**Instructions for the task**
Every record that follows should be printed verbatim.

(Dataset entries)
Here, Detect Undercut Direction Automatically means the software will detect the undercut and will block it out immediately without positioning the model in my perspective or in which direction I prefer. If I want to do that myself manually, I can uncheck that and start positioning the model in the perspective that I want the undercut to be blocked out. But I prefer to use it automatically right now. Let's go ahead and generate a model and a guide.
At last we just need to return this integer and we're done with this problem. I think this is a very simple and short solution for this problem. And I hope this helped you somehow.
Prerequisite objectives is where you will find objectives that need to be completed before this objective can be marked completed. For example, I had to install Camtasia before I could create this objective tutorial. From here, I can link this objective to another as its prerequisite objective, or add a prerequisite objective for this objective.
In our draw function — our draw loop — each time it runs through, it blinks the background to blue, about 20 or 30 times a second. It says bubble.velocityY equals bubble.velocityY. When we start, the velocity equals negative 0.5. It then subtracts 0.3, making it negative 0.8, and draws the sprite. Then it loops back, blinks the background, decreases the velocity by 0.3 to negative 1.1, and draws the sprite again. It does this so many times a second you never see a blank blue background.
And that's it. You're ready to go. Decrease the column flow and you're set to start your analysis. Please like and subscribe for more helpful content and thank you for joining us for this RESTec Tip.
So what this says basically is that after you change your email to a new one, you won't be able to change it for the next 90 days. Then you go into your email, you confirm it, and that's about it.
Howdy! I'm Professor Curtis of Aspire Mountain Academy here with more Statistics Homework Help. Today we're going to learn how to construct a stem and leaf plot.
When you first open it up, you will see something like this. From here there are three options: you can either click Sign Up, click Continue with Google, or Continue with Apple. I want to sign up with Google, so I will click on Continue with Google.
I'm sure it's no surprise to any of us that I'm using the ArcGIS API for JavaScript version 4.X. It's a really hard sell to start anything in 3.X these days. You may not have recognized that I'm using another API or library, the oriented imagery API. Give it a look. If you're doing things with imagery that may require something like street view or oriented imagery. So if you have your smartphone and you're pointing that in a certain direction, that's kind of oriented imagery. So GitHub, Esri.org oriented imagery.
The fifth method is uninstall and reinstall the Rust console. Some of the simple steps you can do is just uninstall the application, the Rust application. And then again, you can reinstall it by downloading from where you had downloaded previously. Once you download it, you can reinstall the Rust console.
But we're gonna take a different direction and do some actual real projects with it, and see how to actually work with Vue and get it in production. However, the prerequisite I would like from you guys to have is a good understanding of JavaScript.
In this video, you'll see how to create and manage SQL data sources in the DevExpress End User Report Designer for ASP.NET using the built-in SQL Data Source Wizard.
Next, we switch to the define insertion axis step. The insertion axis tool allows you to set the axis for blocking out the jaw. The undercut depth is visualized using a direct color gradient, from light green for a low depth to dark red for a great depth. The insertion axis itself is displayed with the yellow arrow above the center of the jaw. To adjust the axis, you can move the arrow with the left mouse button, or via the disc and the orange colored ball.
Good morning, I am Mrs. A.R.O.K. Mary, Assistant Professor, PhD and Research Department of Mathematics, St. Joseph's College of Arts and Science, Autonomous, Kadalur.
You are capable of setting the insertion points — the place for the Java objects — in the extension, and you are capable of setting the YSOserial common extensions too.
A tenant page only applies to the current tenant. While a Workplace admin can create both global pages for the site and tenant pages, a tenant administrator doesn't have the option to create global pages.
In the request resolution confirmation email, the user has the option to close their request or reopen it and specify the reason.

**Answer to this problem**
Here, Detect Undercut Direction Automatically means the software will detect the undercut and will block it out immediately without positioning the model in my perspective or in which direction I prefer. If I want to do that myself manually, I can uncheck that and start positioning the model in the perspective that I want the undercut to be blocked out. But I prefer to use it automatically right now. Let's go ahead and generate a model and a guide.
At last we just need to return this integer and we're done with this problem. I think this is a very simple and short solution for this problem. And I hope this helped you somehow.
Prerequisite objectives is where you will find objectives that need to be completed before this objective can be marked completed. For example, I had to install Camtasia before I could create this objective tutorial. From here, I can link this objective to another as its prerequisite objective, or add a prerequisite objective for this objective.
In our draw function — our draw loop — each time it runs through, it blinks the background to blue, about 20 or 30 times a second. It says bubble.velocityY equals bubble.velocityY. When we start, the velocity equals negative 0.5. It then subtracts 0.3, making it negative 0.8, and draws the sprite. Then it loops back, blinks the background, decreases the velocity by 0.3 to negative 1.1, and draws the sprite again. It does this so many times a second you never see a blank blue background.
And that's it. You're ready to go. Decrease the column flow and you're set to start your analysis. Please like and subscribe for more helpful content and thank you for joining us for this RESTec Tip.
So what this says basically is that after you change your email to a new one, you won't be able to change it for the next 90 days. Then you go into your email, you confirm it, and that's about it.
Howdy! I'm Professor Curtis of Aspire Mountain Academy here with more Statistics Homework Help. Today we're going to learn how to construct a stem and leaf plot.
When you first open it up, you will see something like this. From here there are three options: you can either click Sign Up, click Continue with Google, or Continue with Apple. I want to sign up with Google, so I will click on Continue with Google.
I'm sure it's no surprise to any of us that I'm using the ArcGIS API for JavaScript version 4.X. It's a really hard sell to start anything in 3.X these days. You may not have recognized that I'm using another API or library, the oriented imagery API. Give it a look. If you're doing things with imagery that may require something like street view or oriented imagery. So if you have your smartphone and you're pointing that in a certain direction, that's kind of oriented imagery. So GitHub, Esri.org oriented imagery.
The fifth method is uninstall and reinstall the Rust console. Some of the simple steps you can do is just uninstall the application, the Rust application. And then again, you can reinstall it by downloading from where you had downloaded previously. Once you download it, you can reinstall the Rust console.
But we're gonna take a different direction and do some actual real projects with it, and see how to actually work with Vue and get it in production. However, the prerequisite I would like from you guys to have is a good understanding of JavaScript.
In this video, you'll see how to create and manage SQL data sources in the DevExpress End User Report Designer for ASP.NET using the built-in SQL Data Source Wizard.
Next, we switch to the define insertion axis step. The insertion axis tool allows you to set the axis for blocking out the jaw. The undercut depth is visualized using a direct color gradient, from light green for a low depth to dark red for a great depth. The insertion axis itself is displayed with the yellow arrow above the center of the jaw. To adjust the axis, you can move the arrow with the left mouse button, or via the disc and the orange colored ball.
Good morning, I am Mrs. A.R.O.K. Mary, Assistant Professor, PhD and Research Department of Mathematics, St. Joseph's College of Arts and Science, Autonomous, Kadalur.
You are capable of setting the insertion points — the place for the Java objects — in the extension, and you are capable of setting the YSOserial common extensions too.
A tenant page only applies to the current tenant. While a Workplace admin can create both global pages for the site and tenant pages, a tenant administrator doesn't have the option to create global pages.
In the request resolution confirmation email, the user has the option to close their request or reopen it and specify the reason.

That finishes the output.